Post # 1
I have seen quite a few posts where ladies have been waiting 4,5,6+ years to be engaged to their SO. And it’s not like they have put marriage on the back burner or anything; These bees WANT to get married, and have expressed it numerous times to their SO, to where it just falls on deaf ears.
Or, there have been instances where their SO has promised a proposal/wedding date/engagement and a few years later nothing has happened. Perhaps you have been engaged for quite awhile and still no wedding date has been set.
At what point do you say, enough is enough? Obviously marriage is a HUGE deal, so why would spend time being with someone who is dragging their feet or is giving you excuses. Although you love that person, when do you realize they are not planning in commiting to you in that way?
Post # 3
I’m one of those people (6 years). He really wasn’t ready until the last 6-8 months. 3 months ago he promised within the next 6 months, but I don’t see any movement and I’m getting to the end of my rope for sure. We just signed another lease, so if there’s no date set by the time this one is up (by then we’ll be at 7 years) I’ll move out. It makes me really sad, and I’d like to think that I’d wait for him however long it took, but I don’t have it in me.
I come from a really dysfunctional family and I always felt like an outsider. Marriage/family is really important to me. He says he’s ready, but he’s not doing anything and I sense he’s not even being honest with himself about his readiness.
Post # 4
@KatM: HUGS! You are a strong lady 🙂
Post # 5
How long is too long varies greatly from person to person. There are so many variables including age, culture, and career goals.
Someone who is quickly approaching their childbearing years will have a very different “ideal” wait time if they are hoping to have children. In that situation, waiting a year to be engaged/married could potentially be a HUGE deal.
For someone who meets the man of their dreams at age 18 but aspires to be a doctor, waiting 10+ years may be very logical.
At this point, I’m 26 and very grateful to be with a wonderful man who shares my ideas about marriage and family.
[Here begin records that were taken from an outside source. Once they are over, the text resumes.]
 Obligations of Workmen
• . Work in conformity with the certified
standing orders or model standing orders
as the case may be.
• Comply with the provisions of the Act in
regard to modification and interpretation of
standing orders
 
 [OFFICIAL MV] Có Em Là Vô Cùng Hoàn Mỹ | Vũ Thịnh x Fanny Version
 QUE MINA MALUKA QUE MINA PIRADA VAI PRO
I would be absolutely torn if he didn’t want to committ.
Post # 6
@ChicChick: Very good points!
Post # 7
Personally, I can’t imagine waiting 4, 5, 6, 7+ years to be married. I think there’s a problem if it takes someone that long to know if they want to be married/be married to you. Also, I know I’ll probably get some flack for this, but I think career goals, money, etc. all boil down to excuses to delay. In our grandparents’ or even parents’ day, it would seem ridiculous to wait 5 years for someone to check items off their life to-do list before getting married. A giant ring and an expensive wedding wasn’t what was emphasized . . . the marriage was, and people who loved each other didn’t wait years and years to spend their lives together. They found a way to make it happen.
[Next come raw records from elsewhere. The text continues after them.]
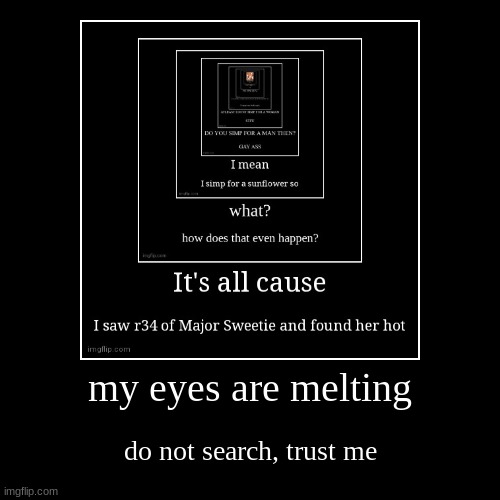 image tagged in funny,demotivationals | made w/ Imgflip demotivational maker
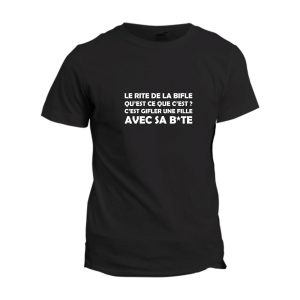 T-shirt le rite de la bifle qu’est ce que c’est T-shirt le rite de la bifle qu’est ce que c’est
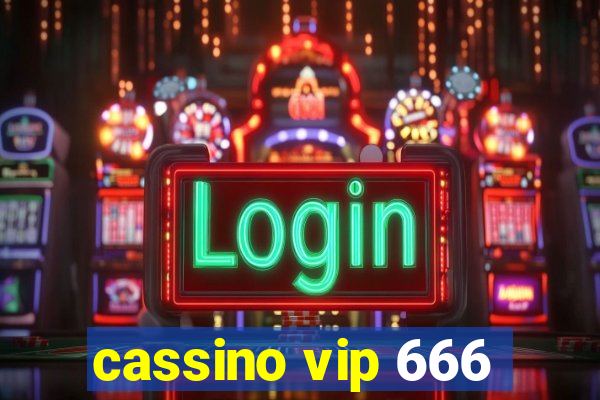 cassino vip 666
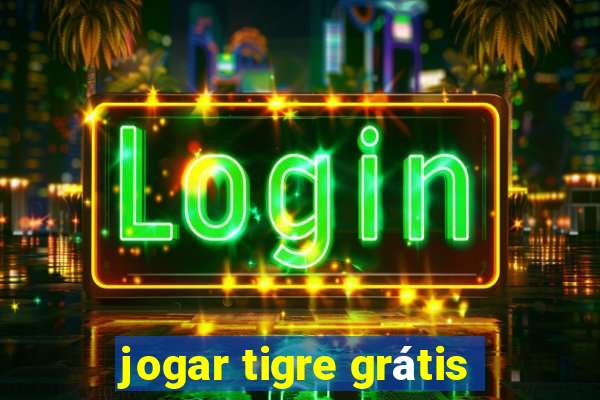 jogar tigre grátis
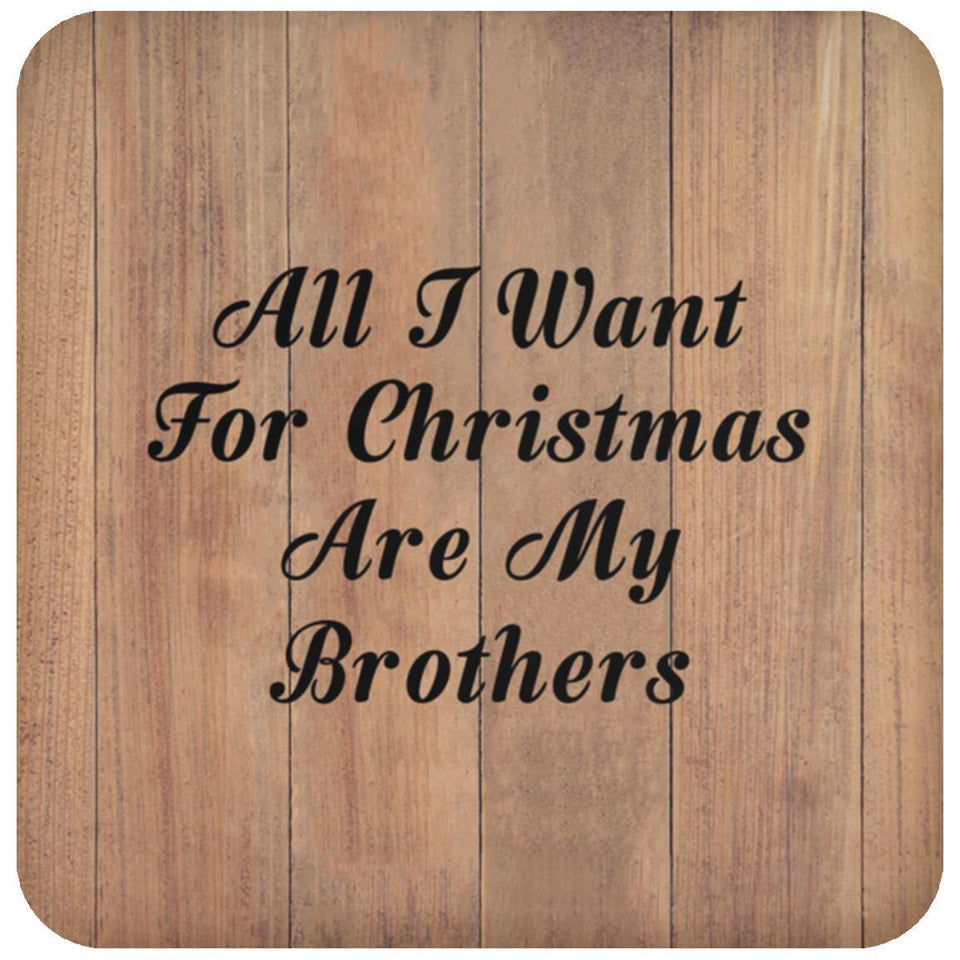 All I Want For Christmas Are My Brothers - Drink Coaster C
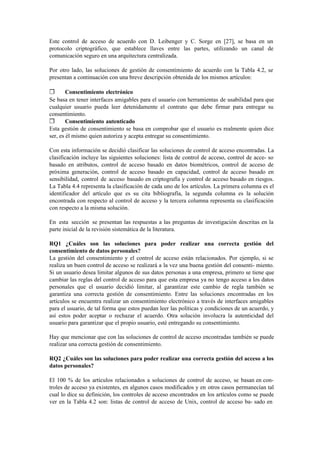 Este control de acceso de acuerdo con D. Leibenger y C. Sorge en [27], se basa en un
protocolo criptográfico, que establece llaves entre las partes, utilizando un canal de
comunicación seguro en una arquitectura centralizada.
Por otro lado, las soluciones de gestión de consentimiento de acuerdo con la Tabla 4.2, se
presentan a continuación con una breve descripción obtenida de los mismos artículos:
❒ Consentimiento electrónico
Se basa en tener interfaces amigables para el usuario con herramientas de usabilidad para que
cualquier usuario pueda leer detenidamente el contrato que debe firmar para entregar su
consentimiento.
❒ Consentimiento autenticado
Esta gestión de consentimiento se basa en comprobar que el usuario es realmente quien dice
ser, es él mismo quien autoriza y acepta entregar su consentimiento.
Con esta información se decidió clasificar las soluciones de control de acceso encontradas. La
clasificación incluye las siguientes soluciones: lista de control de acceso, control de acce- so
basado en atributos, control de acceso basado en datos biométricos, control de acceso de
próxima generación, control de acceso basado en capacidad, control de acceso basado en
sensibilidad, control de acceso basado en criptografía y control de acceso basado en riesgos.
La Tabla 4.4 representa la clasificación de cada uno de los artículos. La primera columna es el
identificador del artículo que es su cita bibliografía, la segunda columna es la solución
encontrada con respecto al control de acceso y la tercera columna representa su clasificación
con respecto a la misma solución.
En esta sección se presentan las respuestas a las preguntas de investigación descritas en la
parte inicial de la revisión sistemática de la literatura.
RQ1 ¿Cuáles son las soluciones para poder realizar una correcta gestión del
consentimiento de datos personales?
La gestión del consentimiento y el control de acceso están relacionados. Por ejemplo, si se
realiza un buen control de acceso se realizará a la vez una buena gestión del consenti- miento.
Si un usuario desea limitar algunos de sus datos personas a una empresa, primero se tiene que
cambiar las reglas del control de acceso para que esta empresa ya no tengo acceso a los datos
personales que el usuario decidió limitar, al garantizar este cambio de regla también se
garantiza una correcta gestión de consentimiento. Entre las soluciones encontradas en los
artículos se encuentra realizar un consentimiento electrónico a través de interfaces amigables
para el usuario, de tal forma que estos puedan leer las políticas y condiciones de un acuerdo, y
así estos poder aceptar o rechazar el acuerdo. Otra solución involucra la autenticidad del
usuario para garantizar que el propio usuario, esté entregando su consentimiento.
Hay que mencionar que con las soluciones de control de acceso encontradas también se puede
realizar una correcta gestión de consentimiento.
RQ2 ¿Cuáles son las soluciones para poder realizar una correcta gestión del acceso a los
datos personales?
El 100 % de los artículos relacionados a soluciones de control de acceso, se basan en con-
troles de acceso ya existentes, en algunos casos modificados y en otros casos permanecían tal
cual lo dice su definición, los controles de acceso encontrados en los artículos como se puede
ver en la Tabla 4.2 son: listas de control de acceso de Unix, control de acceso ba- sado en
 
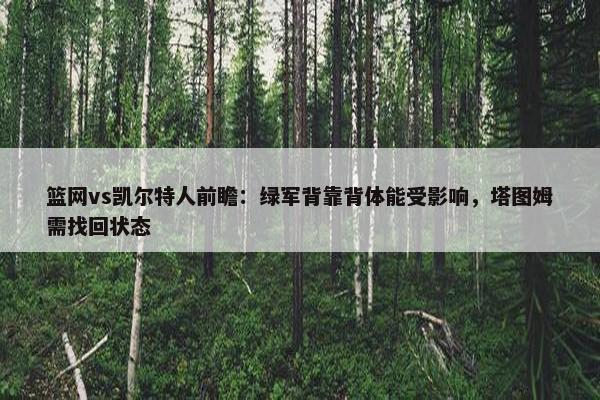 篮网vs凯尔特人前瞻：绿军背靠背体能受影响，塔图姆需找回状态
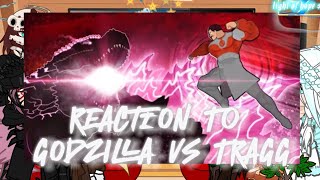 Kaiju reaction to godzilla vs Thragg [ ]My Au[ ]by slick[ ]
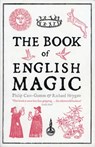 The Book of English Magic: A History - Philip Carr-Gomm - 9781468300697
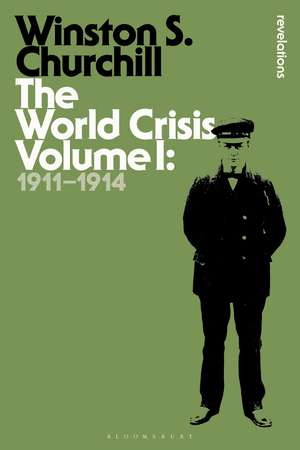 The World Crisis Volume I: 1911-1914 de Sir Sir Winston S. Churchill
I realize there were likely some exceptions to what I’m saying, but in general, I don’t think the waiting was as commonplace as it is today. I think women need to hold higher standards for what they expect from a man. And more men need to actually be men.
Post # 8
We were together 5 years before we got engaged, and 7 before we got married. I was never really in a “waiting” stage. We were in college for two of the years together, and then we spent 3 years working and trying to get some money saved up. Coming to NYC straight out of college was a struggle, and we ate a lot of Ramen and grilled cheese. Wouldn’t change any of it.
Post # 9
Well, I have to respectfully disagree. I’ve been waiting probably about 5 years now, but there isn’t a problem with our relationship or my mister. We both know that we want to marry each other (and have known this since early in our relationship) and are ready. So what’s the hold up? Life.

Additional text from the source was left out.